The fact that this seemingly binding precedent was overturned only fourteen years later by the Pollack ruling is, among other things, fairly revealing of how the United States Supreme Court actually functions. Consider, to begin with, the difference in composition between the group of justices that heard Springer and the group that heard Pollack. In 1881, Morrison Waite (1916-1888), a previously obscure Republican Party functionary, was serving as Chief Justice, which position he vacated only upon his death in 1888. Thereafter, until his own death in 1910, the Court was led by the aforementioned Melville Fuller. Among the Associate Justices that participated in the Springer case, three retired or died shortly thereafter – Nathan Clifford (1803-1881), Ward Hunt (1810-1886), and the aforementioned Justice Swayne – two died about a decade later – Joseph P. Bradley (1813-1892) and Samuel Freeman Miller (1816-1890) – and two were still serving on the Court – John Marshall Harlan (1833-1911) and Stephen Johnson Field (1816-1899). All of this is to say that, between 1881 and 1895, more than two-thirds of the Court had been altered while less than one third remained static, with the pivotal Chief Justice seat changing hands in 1888. Two-thirds on its own, of course, would have been a significant portion; more than enough to overrule the remaining justices who had voted in favor of the Springer ruling. And this is assuming that Field and Harlan would both adhere to their previous positions. In actual fact, Field did not, opting instead to join the majority in the Pollack case that declared a tax upon income derived from property to fall under the legal category of direct tax. This isn’t to say that Harlan was alone in his dissent, mind you. Associate Justices Edward Douglass White (1845-1921), Henry Billings Brown (1836-1913), and Howell E. Jackson (1832-1895) also declared themselves to be in opposition to the majority. But the intervening fourteen years had simply changed the Court too much to sustain a reaffirmation of the Springer finding.

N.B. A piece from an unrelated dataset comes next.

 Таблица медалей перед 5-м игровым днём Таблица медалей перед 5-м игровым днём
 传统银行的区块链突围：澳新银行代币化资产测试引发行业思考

The change in Chief Justice was arguably the most significant factor of all, however. Morrison Waite, while not necessarily possessed of any particular judicial philosophy, was at the very least well known for his ability to promote amity and cooperation among his fellow justices on the Court. If any particular jurisprudential personality were to be assigned to him, it would probably be that of someone who favored a fairly broad construction of federal regulatory power balanced with a fairly narrow reading of the rights and privileges of citizenship. Melville Fuller, on the other hand, was a laissez-faire capitalist who favored state power over federal power, corporate power over state power, and individual power overall. Indeed, he seemed to feel – if his various written opinions are any indication – that the Constitution existed primarily to protect the essential principle of private property. The significance of these differing philosophies is made clearest when one compares some of the assertions the two men made during their respective terms as the leading officer of the Court.

In his opinion in Munn v. Illinois (1876), for example – a case fundamentally having to do with government regulation of state commerce – Chief Justice Waite declared that while the social contract inherent to any written constitution, “does not confer power upon the whole people to control rights which are purely and exclusively private […] it does authorize the establishment of laws requiring each citizen to so conduct himself, and so use his own property, as not unnecessarily to injure another.” Accordingly, he then went on to say, “government regulates the conduct of its citizens one towards another, and the manner in which each shall use his own property, when such regulation becomes necessary for the public good.” To Waite’s thinking, it seemed, the essential purpose of government was to protect and promote the “public good” – by which term one can presumably take to mean the maximum benefit for the maximum number of people. In consequence, he held that it fell within the sphere of authority of government to regulate not only the behavior of individuals in an effort to further the public good, but also to determine how their individual property might best be used to that very same end.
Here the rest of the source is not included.